Why is my AIF file so much bigger than the FLAC?

Because you removed the compression. FLAC shrinks audio losslessly — typically to about 50–70% of the uncompressed size — while AIF writes every sample out in full. As a rough guide, CD-quality audio runs around 10 MB per minute of stereo at 16-bit/44.1 kHz, so a FLAC usually expands to roughly 1.5x–2x its original size when converted to AIF. The extra bytes are uncompressed data, not added detail.

Should I use ALAC instead of AIF for Apple devices?

Often, yes. ALAC (Apple Lossless) is also bit-perfect and native to iTunes/Apple Music and Logic Pro, but because it's compressed it's roughly half to two-thirds the size of an AIF of the same audio. Choose AIF when you specifically need an uncompressed master for editing; choose ALAC when you want Apple compatibility without the size penalty.

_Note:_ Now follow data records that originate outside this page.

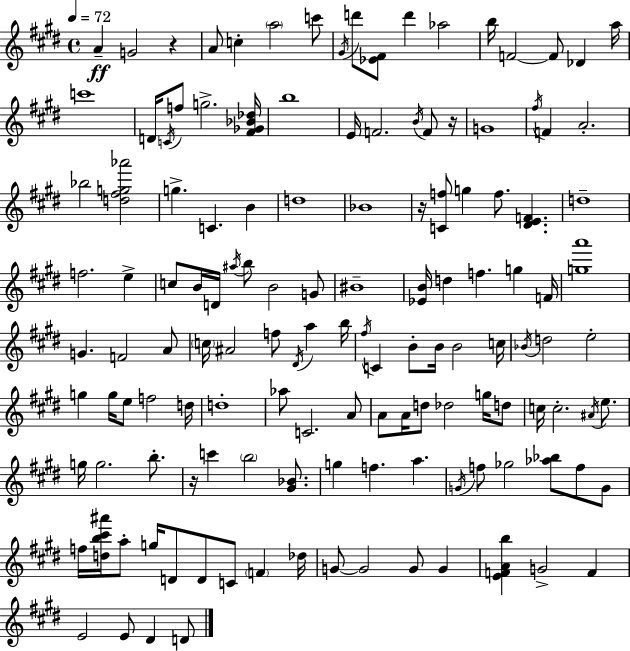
X:1
T:Untitled
M:4/4
L:1/4
K:E
A G2 z A/2 c a2 c'/2 ^G/4 d'/2 [_E^F]/2 d' _a2 b/4 F2 F/2 _D a/4 c'4 D/4 C/4 f/2 g2 [^F_G_B_d]/4 b4 E/4 F2 B/4 F/2 z/4 G4 ^f/4 F A2 _b2 [d^fg_a']2 g C B d4 _B4 z/4 [Cf]/2 g f/2 [^DEF] d4 f2 e c/2 B/4 D/4 ^a/4 b/2 B2 G/2 ^B4 [_EB]/4 d f g F/4 [ga']4 G F2 A/2 c/4 ^A2 f/2 ^D/4 a b/4 ^f/4 C B/2 B/4 B2 c/4 _B/4 d2 e2 g g/4 e/2 f2 d/4 d4 _a/2 C2 A/2 A/2 A/4 d/2 _d2 g/4 d/2 c/4 c2 ^A/4 e/2 g/4 g2 b/2 z/4 c' b2 [^G_B]/2 g f a G/4 f/2 _g2 [_a_b]/2 f/2 G/2 f/4 [db^c'^a']/4 a/2 g/4 D/2 D/2 C/2 F _d/4 G/2 G2 G/2 G [EFAb] G2 F E2 E/2 ^D D/2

What bit depth and sample rate will the AIF have?

In our testing, leaving Audio Channel and Audio Sample Rate on "Original" produces an AIF that matches the FLAC's source — most commonly 16-bit or 24-bit PCM at the original sample rate (e.g. 44.1 kHz or 96 kHz), written as big-endian PCM. The converter does not upsample, so a 16-bit/44.1 kHz FLAC yields a 16-bit/44.1 kHz AIF, not a higher-resolution one. If you later want to shrink it back, AIF to FLAC recovers the identical samples at a smaller size, or convert FLAC to MP3 when you just need a compact, shareable file.